How have you solved it last time? Flashback :wink:

[quote=437700:@Norman Palardy]have you tried one of the other begin transaction syntaxes that are possible ?
maybe name the transaction ? something like[/quote]
I think to remember that if you want to name your Transaction TRAN it’s:

BEGIN TRAN INSERT/UPDATE ...whatever... END TRAN
And I think to remember I’ve been having issues when trying to use Stored Procedures inside Transactions (sp_helplogins, sp_addrolemember, …).

Last time I’ve used Xojo’s MSSQLServerDatabase Plugin, there hasn’t been an .AutoCommit setting available.
What I see in our projects is that the very first .SQLExecute after .Connect for MS-SQL is always:

SET TRANSACTION ISOLATION LEVEL READ COMMITTED;

But I can’t say if that makes this difference…

Nope - you can name them v
This is a Sybaseism that has roots way way way back when (like 1993/4)
see https://docs.microsoft.com/en-us/sql/t-sql/language-elements/begin-transaction-transact-sql?view=sql-server-2017

[quote=437713:@Jürg Otter]
What I see in our projects is that the very first .SQLExecute after .Connect for MS-SQL is always:

SET TRANSACTION ISOLATION LEVEL READ COMMITTED;

But I can’t say if that makes this difference…[/quote]
It shouldnt be necessary but it’s safe
Basically sets the session to not do dirty reads of uncommited data (which you could do but its not that generally useful since a transaction COULD rollback then what you read is invalid and blech !!!)

Have you checked for errors after the Begin Transaction?

Yes.

If I take this into a simplified project it something that ActiveRecord is doing. It’s odd because neither MySQL, Postgres, CubeSQL or any of the other DB servers have this same issue. Time to dig into some very old code.

I don’t follow. Are you saying that the error doesn’t occur in a simple project?

Correct. This is something specific to our ActiveRecord implementation. In a simple standard xojo project the Transactions work as expected. Something changed in the plugin that’s affecting ActiveRecord because it worked at some point.

What are the things that would cause a transaction to get dropped? We’re not closing the connection. Nor are we trying to reconnect (to the best of my knowledge).

If @@trancount is zero right after beginning the transaction, then I’d say the transaction never started. You should look at the SQL Server logs for clues (may have to enable or configure some logging options to capture any meaningful data).

If you have Admin access to the SQL Server, maybe try installing SQL Server Profiler (it’s free), if it isn’t installed already, then you can see all the connections, commits and SQL being passed from your client application to the database - and when.
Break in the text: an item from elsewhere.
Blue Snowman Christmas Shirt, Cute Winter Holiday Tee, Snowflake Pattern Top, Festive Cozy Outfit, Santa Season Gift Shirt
Profiler has to be installed on the database server, not the machine running your application.

I don’t recommend installing Profiler on a production server, only if you have full control over your database in a dev environment, because Profiler will pick up all client traffic (unless you apply some advanced filtering).

I hope that helps.

some time ago I couldn’t solve the problem.
then I solved it using the stored procedures of Sql Server.
maybe this isn’t the right solution for you.
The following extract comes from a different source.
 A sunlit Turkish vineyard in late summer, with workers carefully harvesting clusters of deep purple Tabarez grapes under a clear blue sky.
is it possible you are doing the begin tran on a different connection?
the spid wont survive if you close the connection.

Ah, right - thanks for the info :wink:

Bingo…! I guess you’re on the right track with this.
I’ve just found my old <https://xojo.com/issue/32121>.
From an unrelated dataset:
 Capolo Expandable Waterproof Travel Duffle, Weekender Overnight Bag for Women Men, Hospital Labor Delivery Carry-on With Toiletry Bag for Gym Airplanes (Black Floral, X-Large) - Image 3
@Bob Keeney : Is it possible that you’re running into this issue?

Bob,

Did some testing and found that if you create a RecordSet and don’t close it before reusing the RecordSet (or creating a new one), you will cause a new SQL Server connection/session to start on the next Select, which will have its own transaction state. Maybe you’re doing something like this in ActiveRecord?

Jürg, I see in your feedback example project that you are not closing the RecordSet after the Select, which then produces this problem.

Also found that you can get back to the original session by closing the RecordSet, and the original transaction state is still intact. In other words, you could start a second RecordSet without closing the first one, which will then be in its own session & transaction, then close both recordsets and start a new recordset, and your original transaction state will still be open, ready for you to commit it.